Numerical simulation of coupled liquid water, stress and heat for frozen soil in the thawing process

Purpose The purpose of this paper is to perform the thermo-hydro-mechanical (THM) numerical analysis in order to study the thawing process for frozen soil and to predict the thawing settlement. Design/methodology/approach A new one-dimensional multi-field physical coupled model was proposed here to describe the thawing process of saturated frozen soil, whereby the void ratio varied linearly with effective stress (Eq. 10) and hydraulic conductivity (Eq. 27b). The thawing process was simulated with different initial and boundary conditions in an open system with temperature variations. The mechanical behavior and water migration of the representative cases were also investigated. Findings The comparisons of representative cases with experimental data demonstrated that the model predicts thawing settlement well. It was found that the larger temperature gradient, higher overburden pressure and higher water content could lead to larger thawing settlement. The temperature was observed that to distribute height linearly in both frozen zone and unfrozen zone of the sample. Water migration forced to a decrease in the water content of the unfrozen zone and an increase in water content at the thawing front.

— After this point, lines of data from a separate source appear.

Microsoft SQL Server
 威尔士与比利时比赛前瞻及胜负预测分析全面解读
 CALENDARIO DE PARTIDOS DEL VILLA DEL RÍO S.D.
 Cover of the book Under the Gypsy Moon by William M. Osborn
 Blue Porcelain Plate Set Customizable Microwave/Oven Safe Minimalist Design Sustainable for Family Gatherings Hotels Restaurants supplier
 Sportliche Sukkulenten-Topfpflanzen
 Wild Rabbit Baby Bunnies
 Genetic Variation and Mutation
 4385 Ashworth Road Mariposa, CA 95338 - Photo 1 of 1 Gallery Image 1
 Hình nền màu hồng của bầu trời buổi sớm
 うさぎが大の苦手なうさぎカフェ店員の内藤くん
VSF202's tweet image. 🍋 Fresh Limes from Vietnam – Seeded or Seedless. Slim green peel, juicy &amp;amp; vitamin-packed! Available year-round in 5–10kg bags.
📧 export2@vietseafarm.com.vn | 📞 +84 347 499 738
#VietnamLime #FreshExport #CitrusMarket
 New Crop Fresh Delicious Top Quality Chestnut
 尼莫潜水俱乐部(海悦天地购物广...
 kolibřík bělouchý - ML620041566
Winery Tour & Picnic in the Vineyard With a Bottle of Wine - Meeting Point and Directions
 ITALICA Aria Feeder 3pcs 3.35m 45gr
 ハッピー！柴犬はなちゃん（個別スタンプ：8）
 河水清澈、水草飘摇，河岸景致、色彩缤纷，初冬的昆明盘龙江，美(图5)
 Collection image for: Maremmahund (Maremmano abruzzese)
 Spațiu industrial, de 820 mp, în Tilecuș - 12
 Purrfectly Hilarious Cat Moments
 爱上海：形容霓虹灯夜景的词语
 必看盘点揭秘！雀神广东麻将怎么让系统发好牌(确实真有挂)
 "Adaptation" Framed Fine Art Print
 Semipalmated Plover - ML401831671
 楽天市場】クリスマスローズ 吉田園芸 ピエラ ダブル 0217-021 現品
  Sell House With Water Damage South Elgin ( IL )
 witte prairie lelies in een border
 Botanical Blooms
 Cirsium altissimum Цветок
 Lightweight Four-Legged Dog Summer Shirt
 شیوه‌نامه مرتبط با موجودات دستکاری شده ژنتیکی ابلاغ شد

Research limitations/implications In this study, only the one-directional thawing processes along the frozen soil samples were investigated numerically and compared with test results, which can be extended to two-dimensional analysis of thawing process in frozen soil. Originality/value This study helps to understand the thawing process of frozen soil by coupled thermo-hydro-mechanical numerical simulation.

Automated summary

This study helps to understand the thawing process of frozen soil by coupled thermo-hydro-mechanical numerical simulation. The larger temperature gradient, higher overburden pressure and higher water content could lead to larger thawing settlement. Temperature was observed to distribute height linearly in both frozen and unfrozen zones of the sample, while water migration forces a decrease in water content of the unfrozen zone and an increase at the thawing front.